When examining a glass plate negative, the image depicted seems secondary to the photographic process and the physicality of the plate itself. The image is inverted, so white on the negative is black in the original scene and vice-versa. Portraits have an almost demonic quality and the detail and depth of landscapes is not immediately visible to the eye.
The negatives in this acquisition varied in subject matter. They included portraiture and scenes from Mt. Cook and Dunedin to the kauri gum fields of Northland, as well as a few left-of-field images that were hard to classify.
Amongst these images were stereographs. These are composed of two side-by-side stereo images shown together on the same plate. When viewed through a stereo device the viewer sees a three-dimensional image with depth and solidity – fun for the whole family.
Positives from negatives
When first thinking about writing this blog post I did so from only seeing the negatives, before they were scanned and digitally converted to positives and viewable as intended.

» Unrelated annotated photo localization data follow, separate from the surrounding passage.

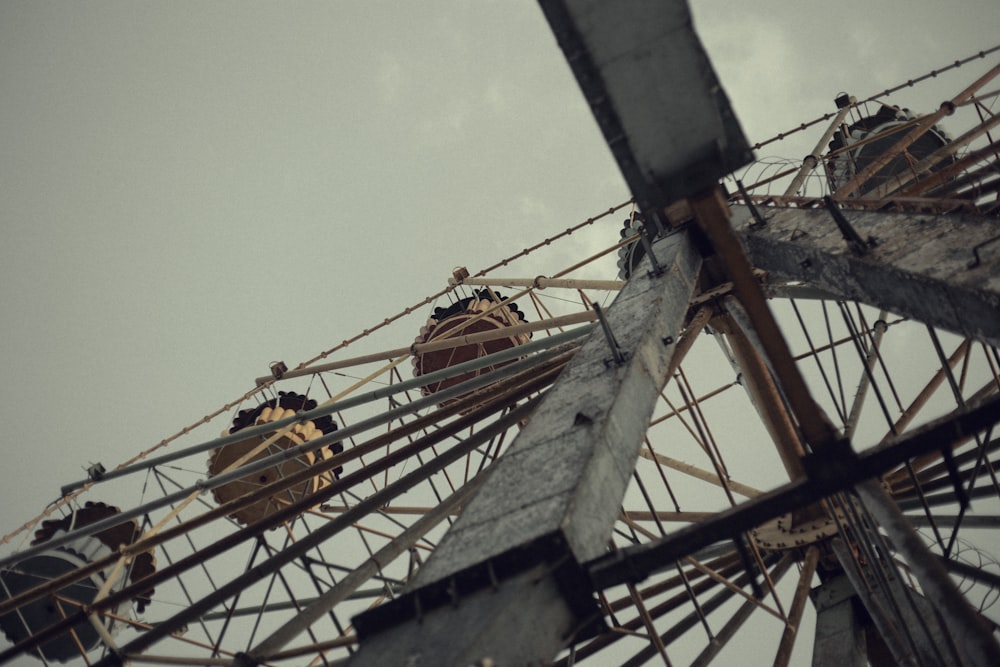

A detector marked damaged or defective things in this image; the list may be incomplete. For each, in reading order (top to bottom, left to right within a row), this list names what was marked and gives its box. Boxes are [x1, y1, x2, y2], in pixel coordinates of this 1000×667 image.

rusted metal beam [732, 206, 1000, 348]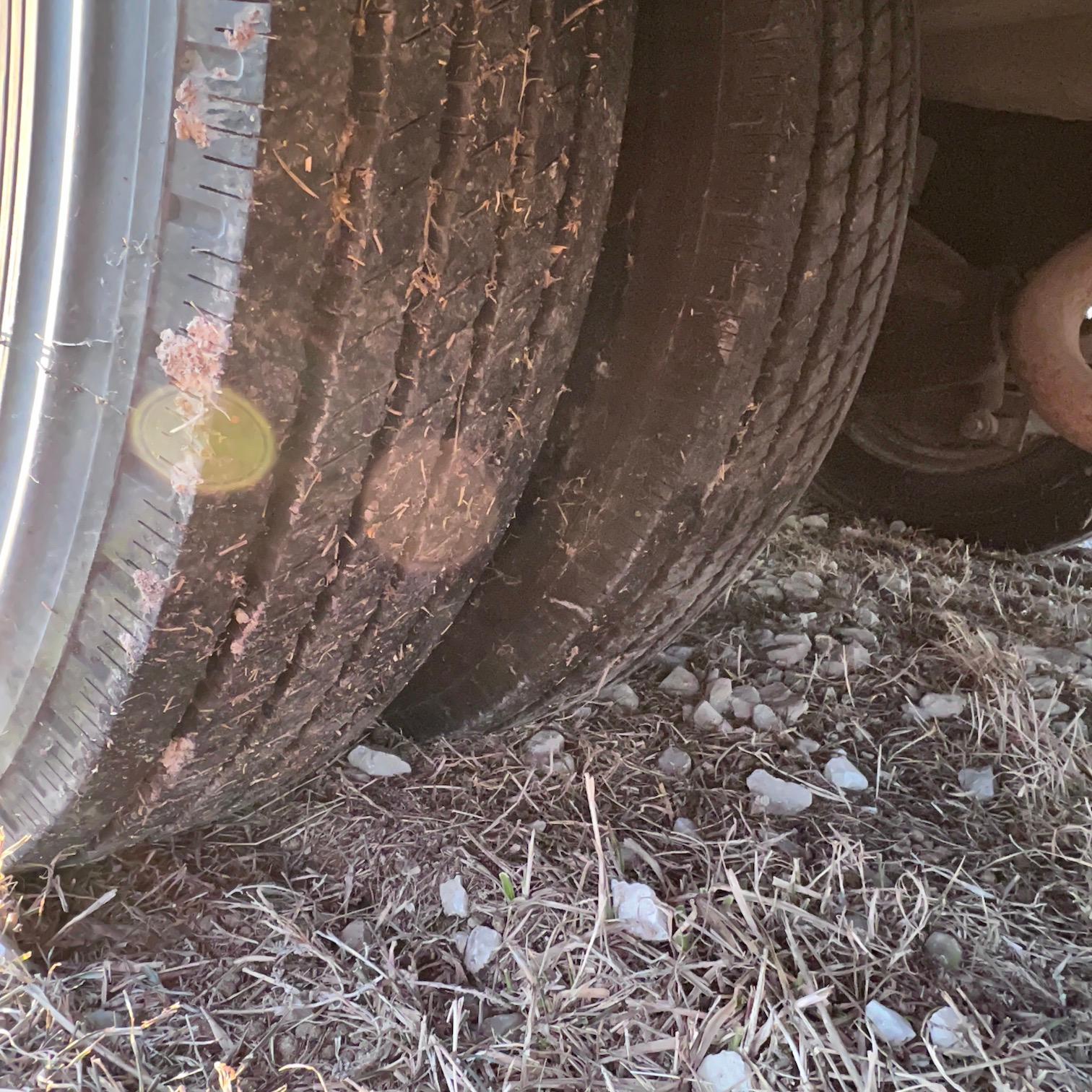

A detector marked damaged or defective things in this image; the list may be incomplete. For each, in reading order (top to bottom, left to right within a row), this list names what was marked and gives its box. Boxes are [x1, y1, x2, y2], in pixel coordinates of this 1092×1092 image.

rusty metal part [1005, 230, 1092, 451]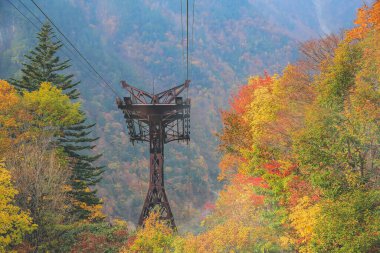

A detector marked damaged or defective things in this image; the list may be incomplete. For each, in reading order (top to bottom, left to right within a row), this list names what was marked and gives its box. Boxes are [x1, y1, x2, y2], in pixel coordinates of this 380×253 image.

rusty metal tower [116, 79, 190, 229]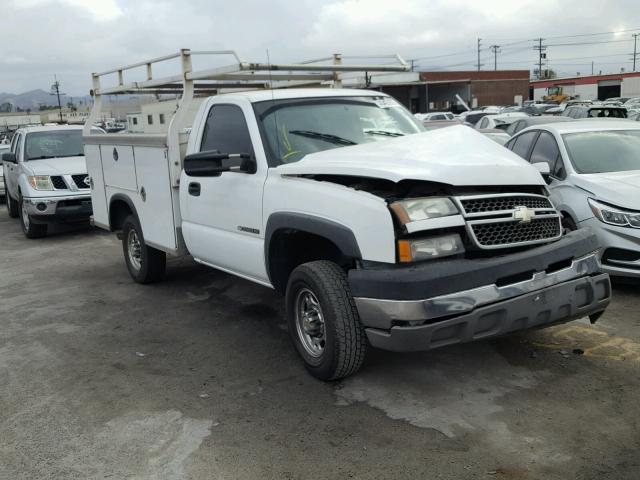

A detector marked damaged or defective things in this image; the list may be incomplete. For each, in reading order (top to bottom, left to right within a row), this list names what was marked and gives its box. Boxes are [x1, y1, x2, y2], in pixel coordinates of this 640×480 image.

cracked headlight [388, 196, 458, 226]
cracked headlight [592, 199, 640, 229]
cracked asphalt [0, 211, 636, 480]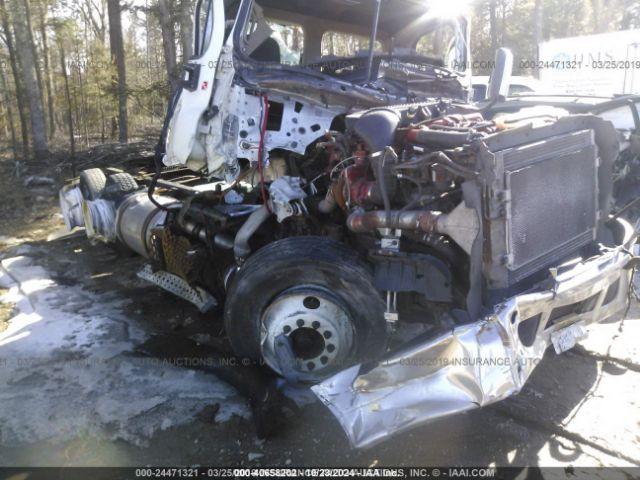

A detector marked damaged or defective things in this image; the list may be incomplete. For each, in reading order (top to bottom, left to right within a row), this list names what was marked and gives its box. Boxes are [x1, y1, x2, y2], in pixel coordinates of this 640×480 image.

torn metal panel [312, 219, 636, 448]
crushed front bumper [312, 218, 636, 450]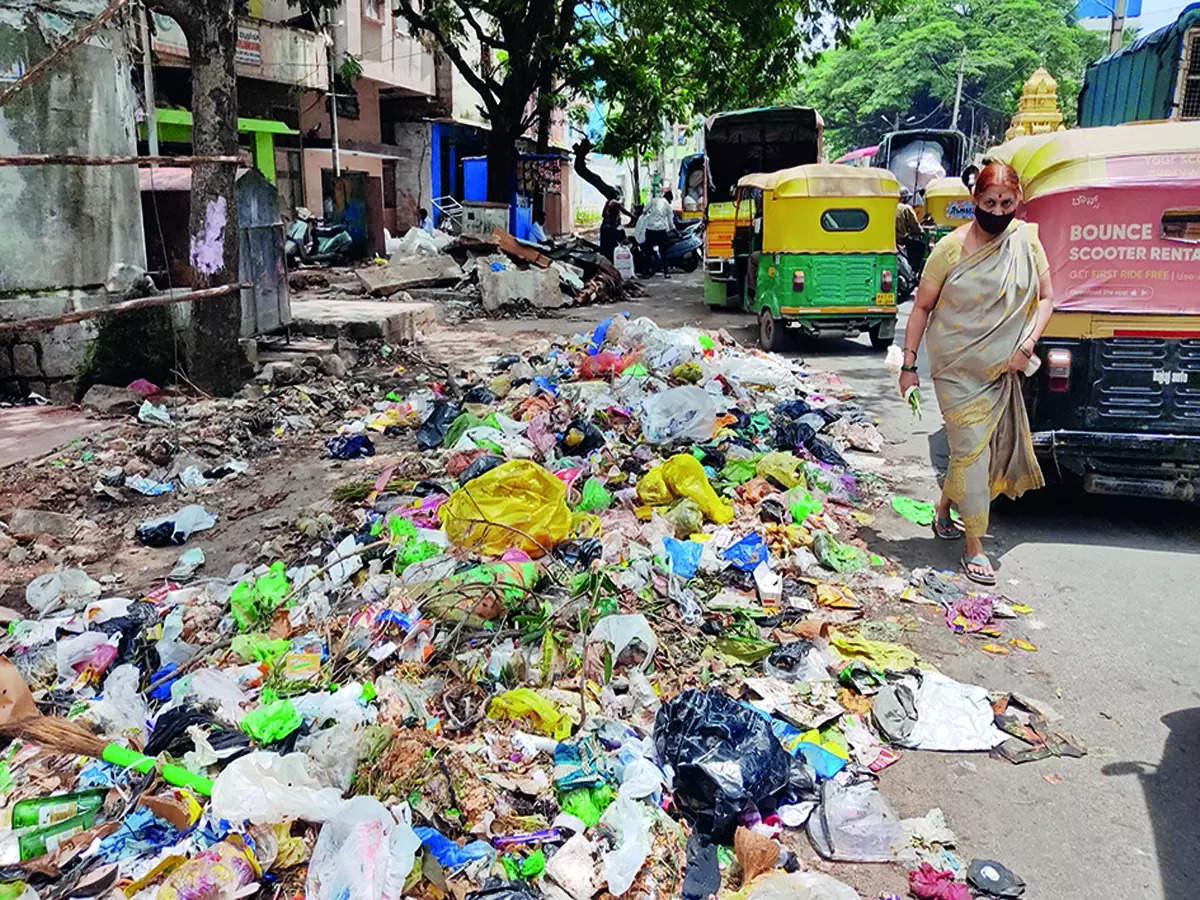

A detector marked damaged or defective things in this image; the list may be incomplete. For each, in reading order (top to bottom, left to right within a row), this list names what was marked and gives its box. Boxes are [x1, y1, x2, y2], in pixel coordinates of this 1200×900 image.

broken concrete block [352, 254, 460, 296]
broken concrete block [477, 264, 561, 314]
broken concrete block [79, 384, 139, 420]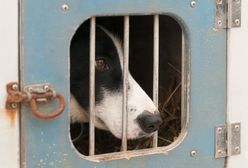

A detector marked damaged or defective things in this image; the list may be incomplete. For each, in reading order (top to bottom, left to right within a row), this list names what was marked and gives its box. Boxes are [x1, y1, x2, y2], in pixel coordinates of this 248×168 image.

rusty latch [6, 82, 65, 119]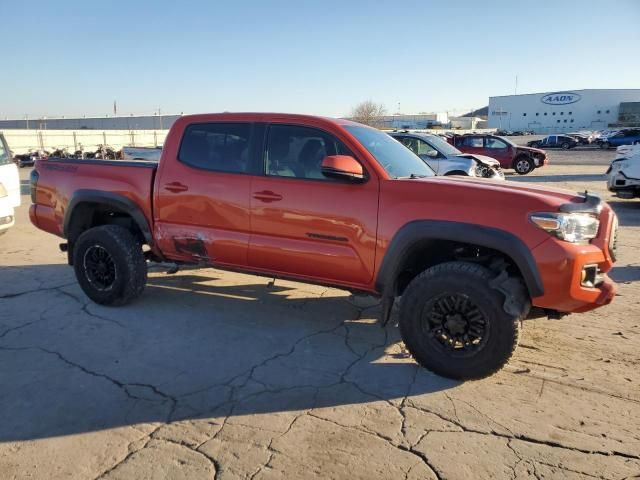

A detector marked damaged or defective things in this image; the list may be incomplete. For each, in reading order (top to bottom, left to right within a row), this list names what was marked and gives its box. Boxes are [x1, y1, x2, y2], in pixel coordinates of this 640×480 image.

cracked asphalt [1, 155, 640, 480]
damaged vehicle [31, 111, 620, 378]
damaged vehicle [384, 130, 504, 179]
damaged vehicle [608, 143, 636, 198]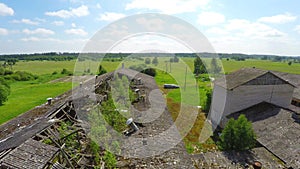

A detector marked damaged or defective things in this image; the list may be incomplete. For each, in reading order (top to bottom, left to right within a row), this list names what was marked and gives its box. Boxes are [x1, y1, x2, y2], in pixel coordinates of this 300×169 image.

broken wooden roof [216, 68, 296, 90]
broken wooden roof [227, 101, 300, 169]
broken wooden roof [0, 138, 58, 168]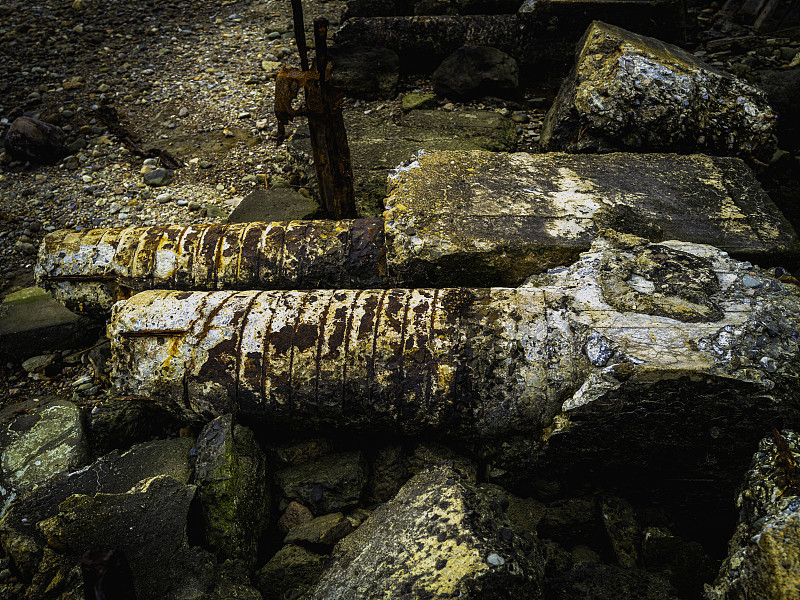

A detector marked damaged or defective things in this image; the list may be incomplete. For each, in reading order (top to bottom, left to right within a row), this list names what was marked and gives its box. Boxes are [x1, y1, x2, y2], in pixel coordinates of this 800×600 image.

My thoughts centred around the collection of photographs as a whole; how the subjects of these photographs may never have imagined they would eventually end up in a museum collection. I considered what seemingly trivial, pedestrian, or unremarkable objects from today may become the subject of extensive research and fascination in years to come.
I then thought about burning all professional photos of myself as an awkward 13-year-old in order to avoid this.
But when I returned to my desk and scrolled through the recently digitised glass plate negatives on the computer I saw the images in positive form. It was like seeing a new set of photographs entirely. These images were cool. The portraits were no longer a ‘female figure dressed formally’ but an actual person with a facial expression and a personality that could be inferred by their body language and clothing.
I scrapped my initial idea for this blog in favour of a highlights reel of my favourite items from this collection of photographs. These images stand out because, to me, they are intriguing or curious or cute or edgy; before edgy was even a thing.